Утром следующего дня все бараки с пятого поля стояли на аппеле, несмело поглядывая на неожиданное появление не только лагерфюрера, но и самого коменданта, который стоял чуть в стороне от всех и не принимал в этом действе никакого участия. Через пару минут блоковая с барака Иды громко доложила блокфюреру, что все на месте.

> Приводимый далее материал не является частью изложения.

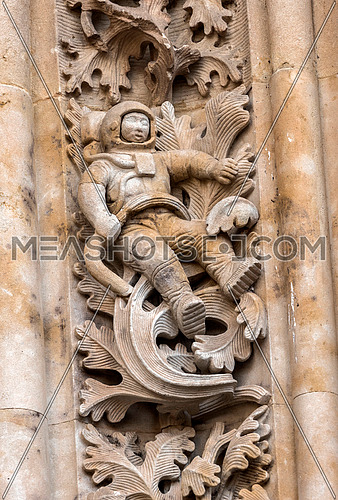 Salamanca, EspaÃ±a: August 18, 2019: detail of figure of astronaut worked in stone in door of Branches (north), opposite to the Palace of Anaya, realized by sculptor Miguel Romero Con motivo de to receive Salamanca the exhibition The Ages of the Man in 1993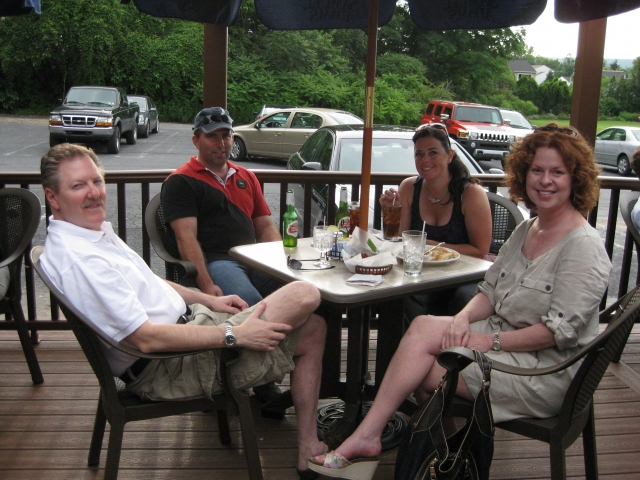 Scott Collins 76, Chris Wherley, Chrissie Dewey 99, and Scotts guest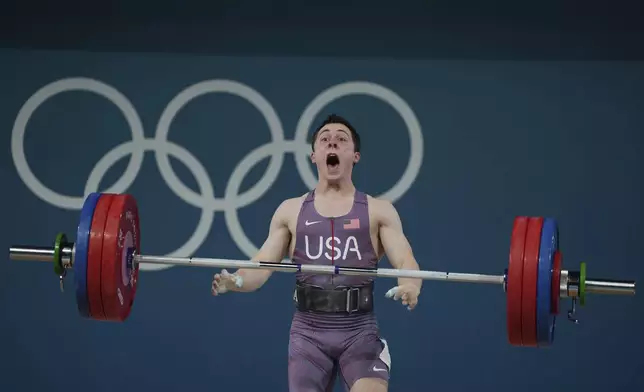 Hampton Morris of the United States reacts as he competes during the men's 61kg weightlifting event at the 2024 Summer Olympics, Wednesday, Aug. 7, 2024, in Paris, France. (AP Photo/Kin Cheung)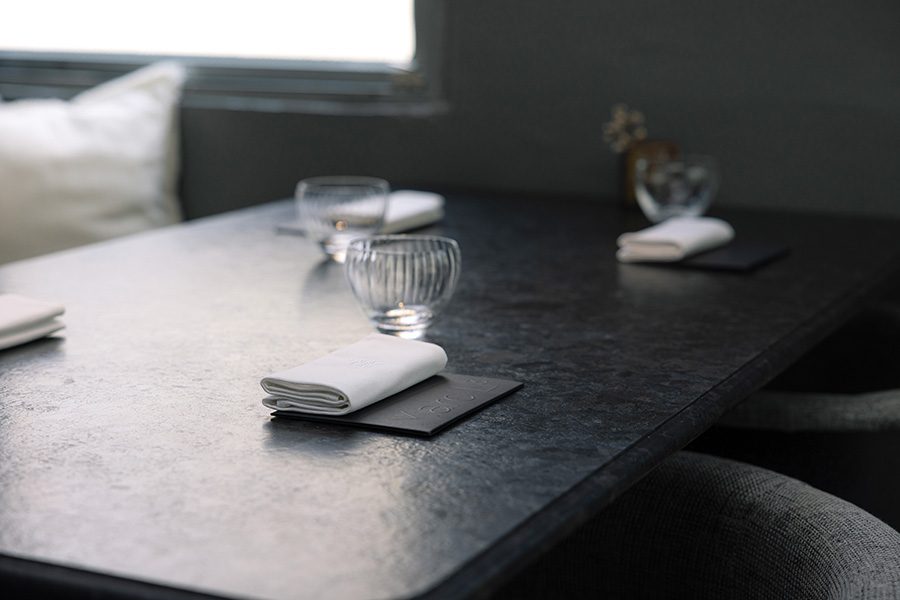 Black dining table at Marc L3 restaurant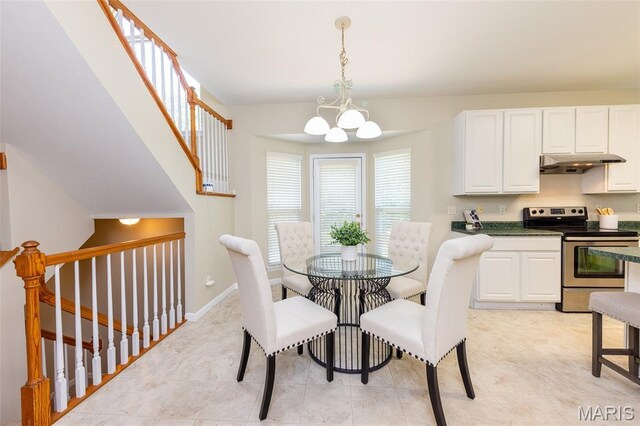 602 Whispering Willows Ct, Ballwin, MO 63021 - dining room featuring a chandelier and baseboards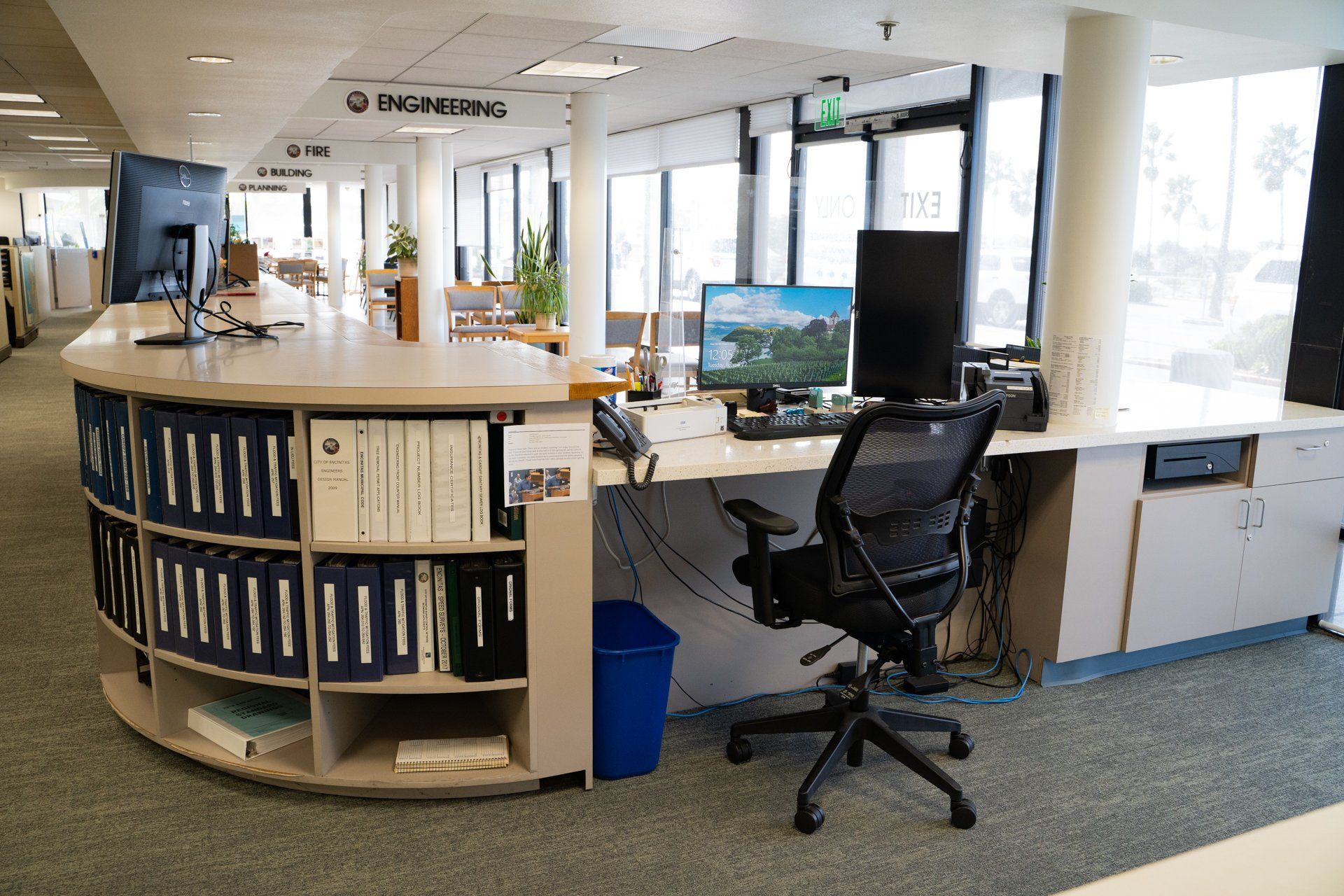 A desk with a computer and a chair in a library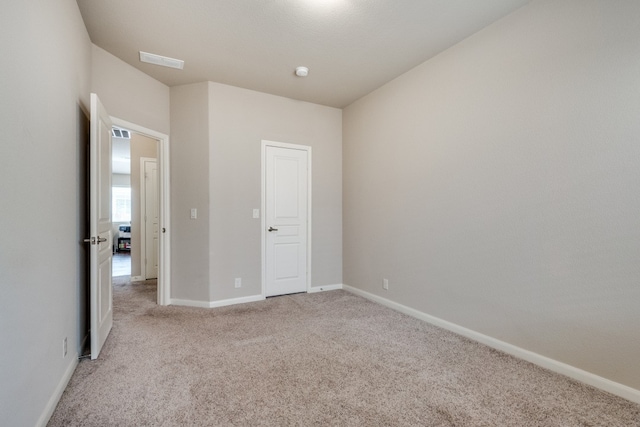 unfurnished bedroom with light carpet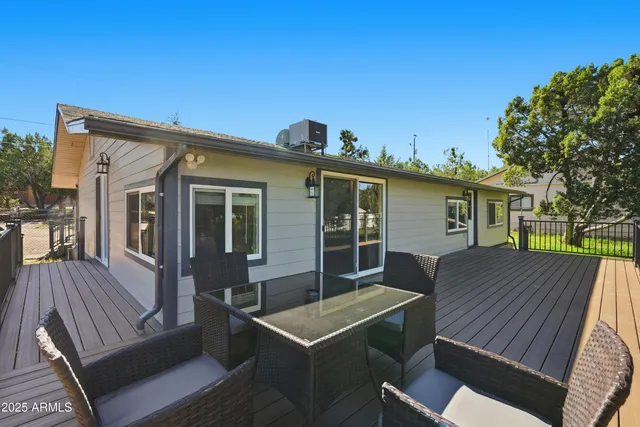 a view of house with a chairs in patio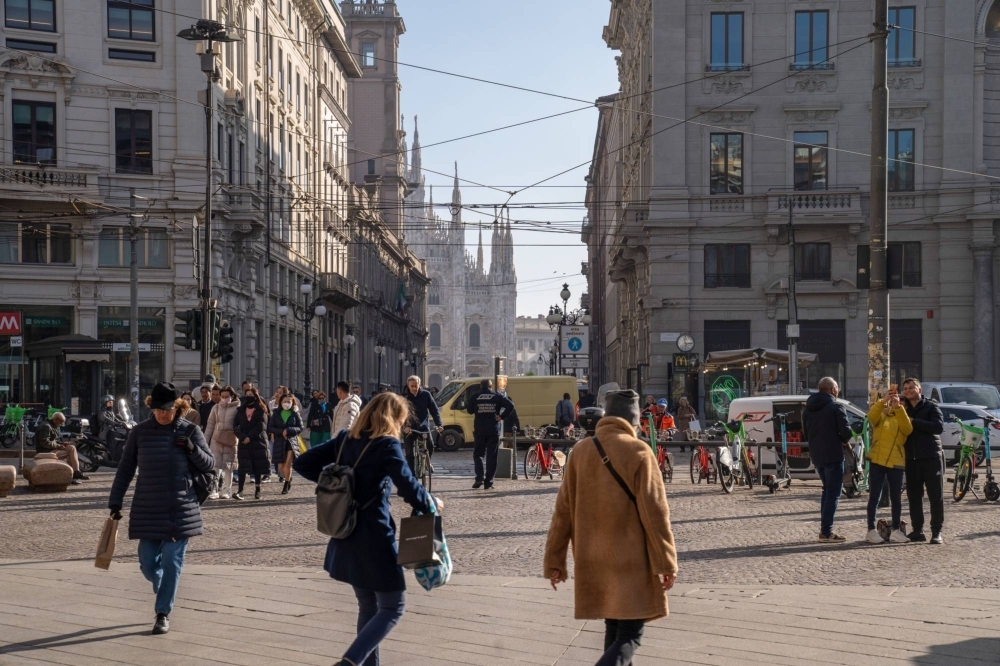 Pedestrians in Piazza Cordusio in Milan. Europe's fertility rate has been stuck around 1.5 births per woman for the past decade.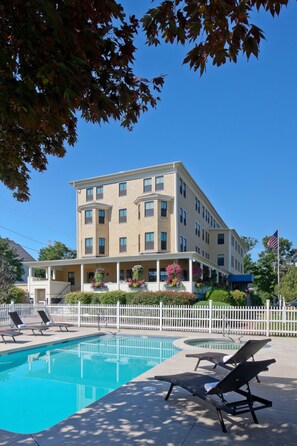 A multi-story hotel with a swimming pool, lounge chairs, and a white picket fence. - The Colonial Inn (Ogunquit)
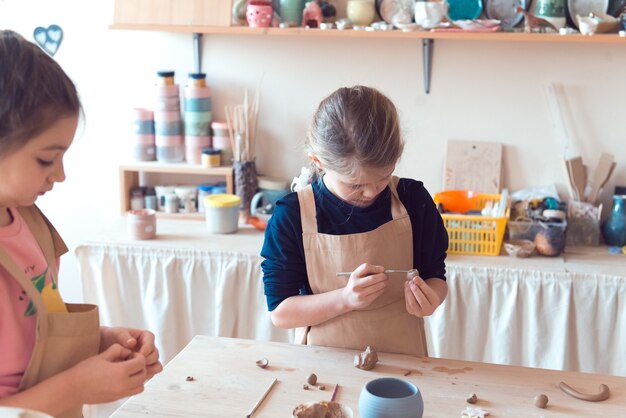 Photo pottery workshop for kids girl working with clay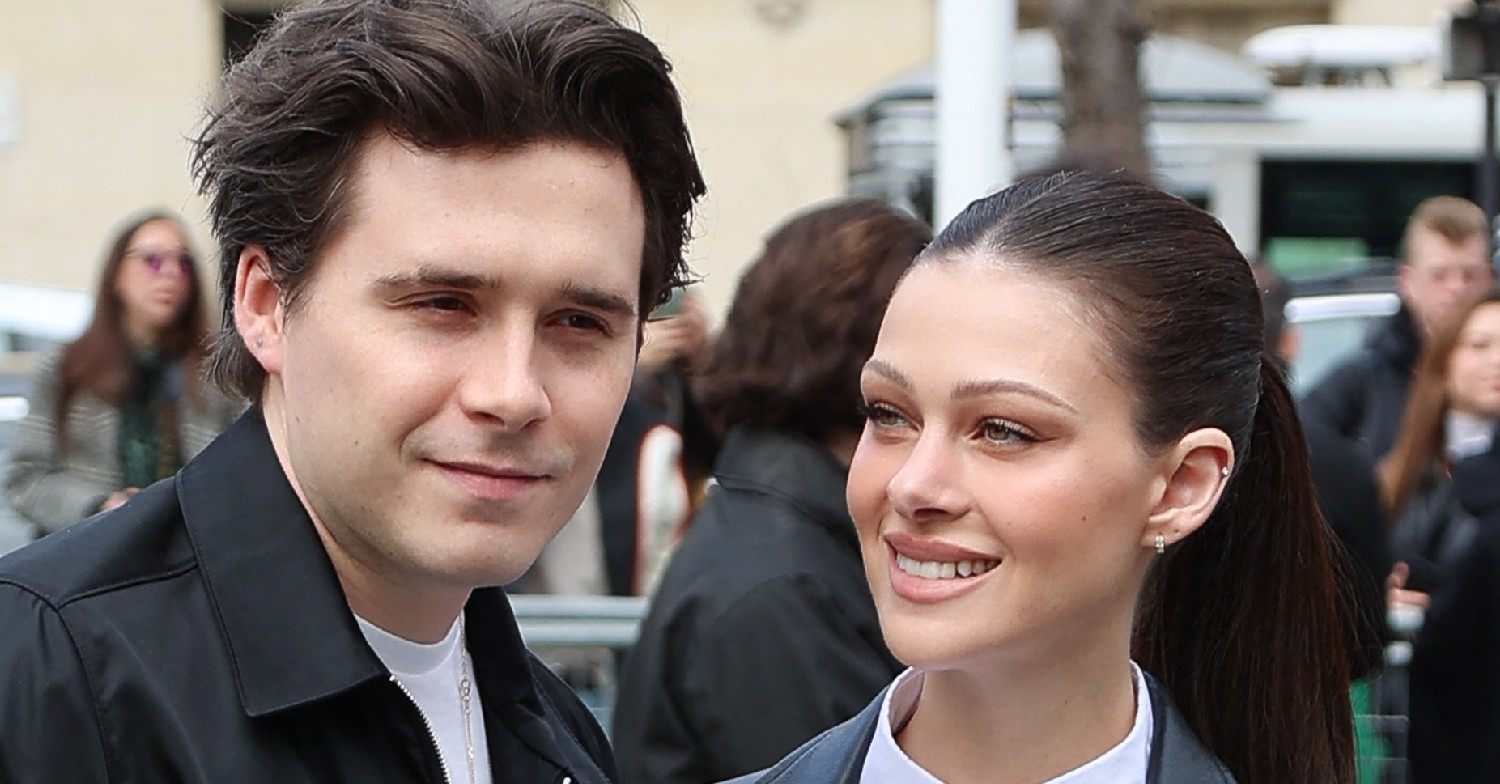 Brooklyn Beckham smiling outside with Nicola Peltz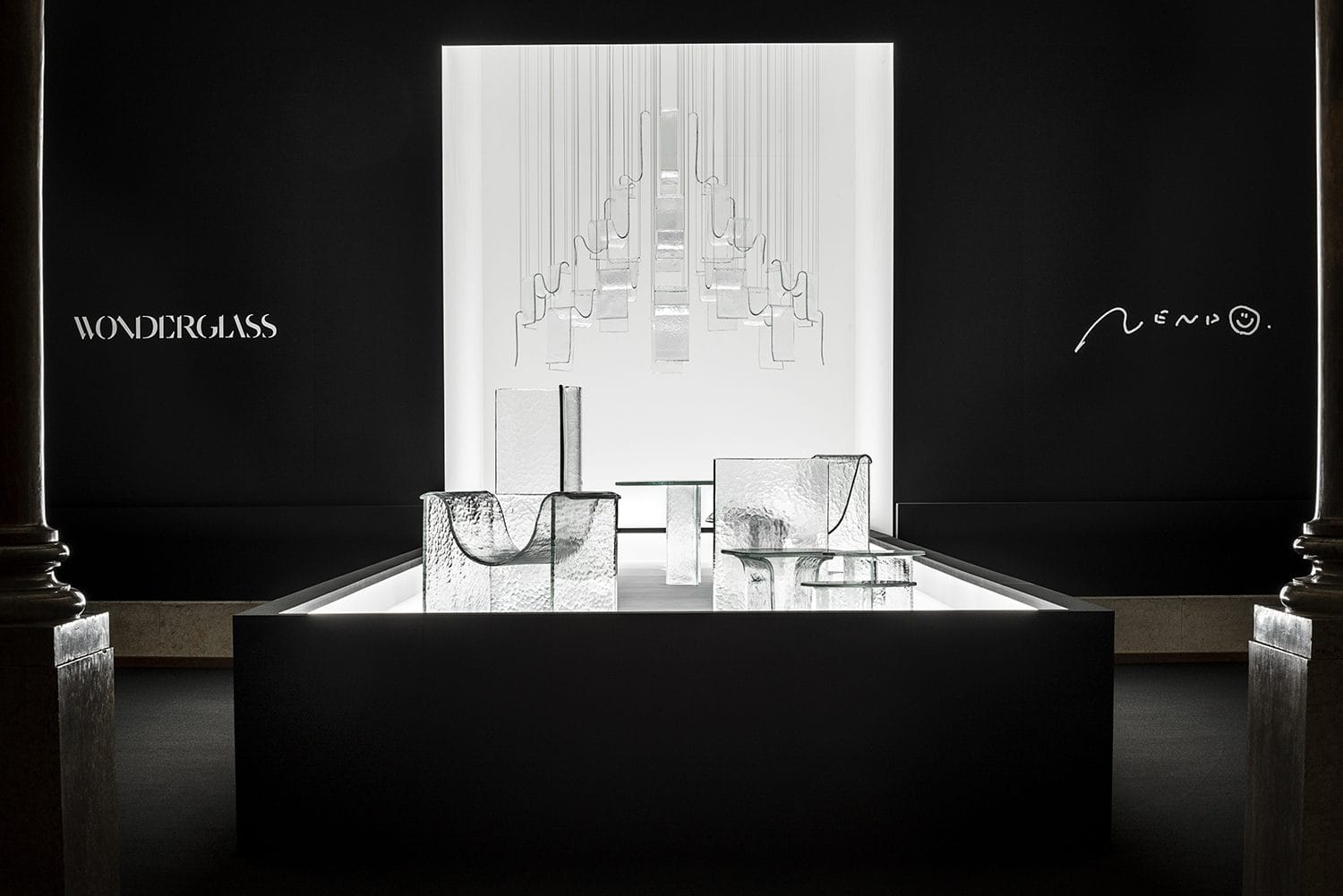 Exhibition of abstract glass sculptures lit dramatically in a dark gallery space with Wonderglass and Nendo logos.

Ида, стоя в толпе со всеми, держалась за руку Анки, стараясь не обращать внимания на сильную боль – врач не советовал ей ещё вставать, но другого выбора не было. Со своего места она отлично видела фон Оберштейна и сильно напряглась, когда он надел перчатки и что-то шепнул на ухо их блокфюреру. Она уже тогда почувствовала, что сейчас произойдёт что-то ужасное…
Внезапно Генрих шагнул в их толпу и, быстро выхватив свой «Вальтер» из кобуры, сделал первый выстрел. Прямо в голову номеру «89976». Сделал пару шагов и проделал тоже самое с номером «101832». И с ещё одним, и ещё… Ида знала, что происходит: он мстит, жестоко мстит за неё тем, кто ее избивал.
Застрелив пятерых женщин, он остановился прямо перед Идой и взглянул ей в глаза, да так, что у девушки все внутри перевернулось. Все его лицо и часть формы были заляпаны кровью убитых. В нос ей ударил знакомый запах перегара. Нервы ее были на пределе… Единственное, что ещё спасало Иду, что не давало свалиться в обморок, – крепко держащая ее рука Анки, за которую она держалась как за спасательный круг.